What I find particularly pernicious about exhortations to difficult weight loss regimens is that they demand so much more time than the traditional beauty rituals. I had a friend in high school who once observed to me that every night when she sat down to do her homework, she heard a little voice in her head saying "You ought to be burning calories! You ought to be burning calories!" And, like, she knew she more or less had to do her homework; failing out of high school or not attending college were not especially viable options for her. Nonetheless, constantly, there was this distracting voice.
The more conventional kinds of beauty rituals don't demand that much of you, time-wise. The skin care gurus ask for fifteen minutes a night and maybe a facial every few weeks. Conventional wisdom has it that maintaining the right hairstyle takes a few minutes of styling in the morning and a Saturday afternoon at a nice salon every six to eight weeks. Even my wedding makeup took less than half an hour to apply, and the gurus usually say that you're set for the day following fifteen minutes of application in the morning.

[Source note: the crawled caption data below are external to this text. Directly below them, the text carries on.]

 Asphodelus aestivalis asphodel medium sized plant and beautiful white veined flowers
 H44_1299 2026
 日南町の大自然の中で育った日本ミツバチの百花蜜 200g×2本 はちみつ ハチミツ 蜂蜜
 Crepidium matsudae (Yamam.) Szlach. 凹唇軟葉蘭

The health mavens ask much more. There is the daily or near-daily workout of the variety that Grose describes in the article. There was the specialized diet that she had to follow, and all the explanations it entails -- no to the co-worker offering you a slice of birthday cake, no to the friend offering you a glass of champagne to celebrate her engagement, or no to the study group members just agreeing to take a break and get Papa Johns for dinner. It's true that Grose's restrictions were short term, and that many people break down and say yes in some of these situations, figuring that good habits the rest of the time can buy them such indulgences. Still, the health mavens often do extract guilt from those who say yes to such occasional temptations.

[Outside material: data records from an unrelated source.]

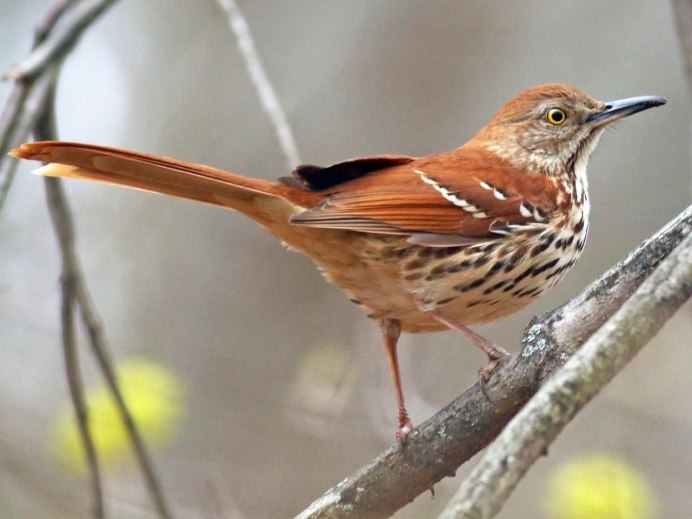 Turdus viscivorus
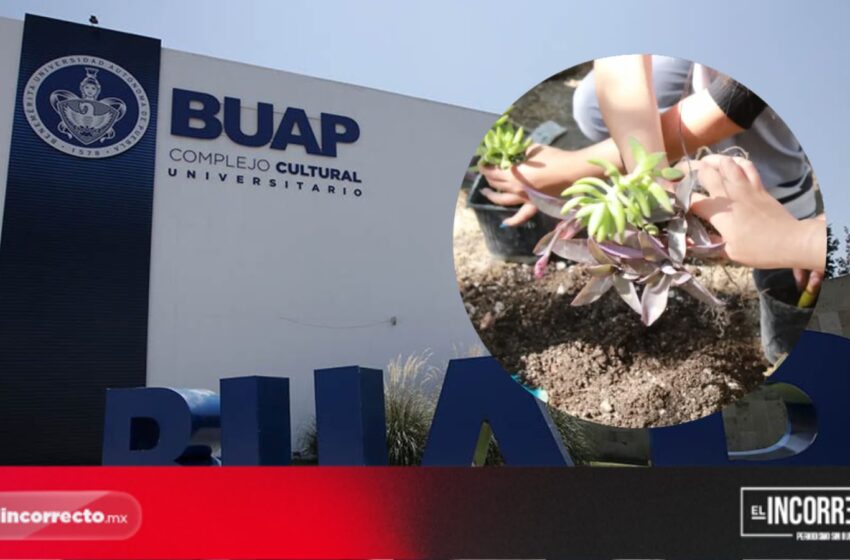  Siete universitarios de la BUAP se capacitan en Japón con apoyo de OISCA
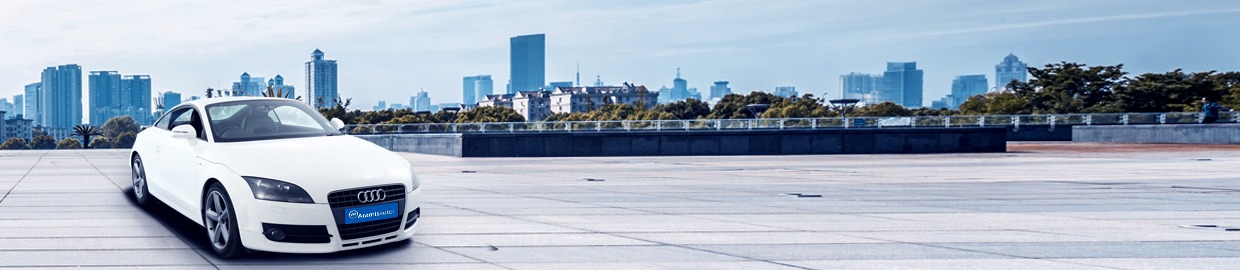 Guide d’achat Audi TT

I don't think it's an accident that the most over-the-top men's rights type websites focus so much of their ire on heavy women. Surely the PUA gurus don't find blotchy skin, chapped lips, or acne attractive. Such tarnishes on female beauty are readily apparent any workday riding the Metro or walking around my city and I imagine most others. Yet the ratio of angry PUA posts inveighing about why more women should diet or work out more frequently vs. those about the need for more lip gloss or expensive facials is steep indeed. It's almost as if what they want -- consciously or not -- is for women to feel guilty every waking second that they don't spend on pursuits designed to please men. They show relatively little interest in telling women to fix what they can at the margin -- five seconds putting on a gloss that will make the lips look a little bit bigger and fuller -- and instead leap to "must spending your every waking hour on a treadmill."

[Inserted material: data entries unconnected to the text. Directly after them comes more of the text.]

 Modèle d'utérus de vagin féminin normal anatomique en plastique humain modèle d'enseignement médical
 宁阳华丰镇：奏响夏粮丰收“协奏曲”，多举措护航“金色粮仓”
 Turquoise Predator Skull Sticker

The orthodox feminist response to pieces like Grose's is usually to say that women ought to strive for "self-acceptance" at whatever weight they are at. This is sort of true, but also sort of wrong. What ought to be feminists' goal should be something like a mental mini-version of Virginia Woolf's Room of One's Own. I've struggled with how to put this as this post languishes in Save as Draft form, but the broad idea is that there ought to be mental space away from the need to please men. The self-acceptance people remind me too much of the dreadful middle school workshops on body image where we had to stand around and recite affirmations like "I love the body the way I am." It sounded craven, ridiculous, and redolent of fundamentalist religious cults that sensible adults were generally urging me not to join. No, what I want for young girls like my high school friend is something like the ability to shut off the repeated voice saying "You ought to be burning calories!" in favor of a voice saying "Yes, but one has to do work now." By the grace of work, by the knowledge that work is important, the burning calories voice then yields to the work voice. And only in doing so does one ever attain the kind of incandescence that Woolf prized. There's no self-acceptance in her vision of incandescence; one becomes a vessel of something else in Woolf's vision, and the self sort of fades away entirely. Modern feminists would do better to cast their arguments about body image anxieties in terms of "These worries are a distraction from the pursuit of incandescence," rather than to focus on the goofy cult rituals about "self-acceptance."